L’arrivée des Aleppins a bouleversé l’économie de cette ville méditerranéenne nonchalante. De nombreux entrepreneurs ont reconstruit leurs industries à Lattaquié, réussissant malgré la guerre à fournir le marché syrien et même à exporter textiles et divers produits manufacturés. Les Aleppins ont apporté avec eux leur savoir-faire dans le commerce et les services. Beaucoup de Lattaquiotes se sont alors contentés de louer leur magasin à des Aleppins qui savaient davantage le faire fructifier, au lieu d’exercer eux-mêmes une activité. Nul doute que les entrepreneurs aleppins seront en première ligne pour bénéficier de la reconstruction de la Syrie du Nord. Celle-ci passera forcément par Lattaquié puisque les infrastructures portuaires et routières sont intactes.

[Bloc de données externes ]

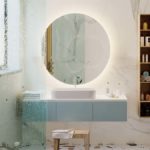 Baño pequeño y moderno con espejo, mapara de ducha y muebles de color azul turquesa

La communauté alaouite meurtrie par la guerre
Même si la ville a été épargnée par les combats, la guerre civile a fait de nombreuses victimes à Lattaquié en raison de l’intense mobilisation des Alaouites dans l’armée syrienne et les milices loyalistes. D’une part, l’armée est un débouché professionnel privilégié par les Alaouites depuis le mandat français ; d’autre part, les Alaouites menaient un combat existentiel dans ce conflit. La défaite aurait signifié l’élimination de la communauté de Syrie, à moins qu’elle ne réussisse à constituer un réduit alaouite dans la région côtière, ce qui signifierait une partition de la Syrie. La ville est endeuillée et le déficit d’hommes est un problème pour la reconstruction de la société alaouite. Mais cela pourrait également contribuer à la multiplication des mariages intercommunautaires et réduire ainsi le clivage ancestral entre Alaouites et sunnites.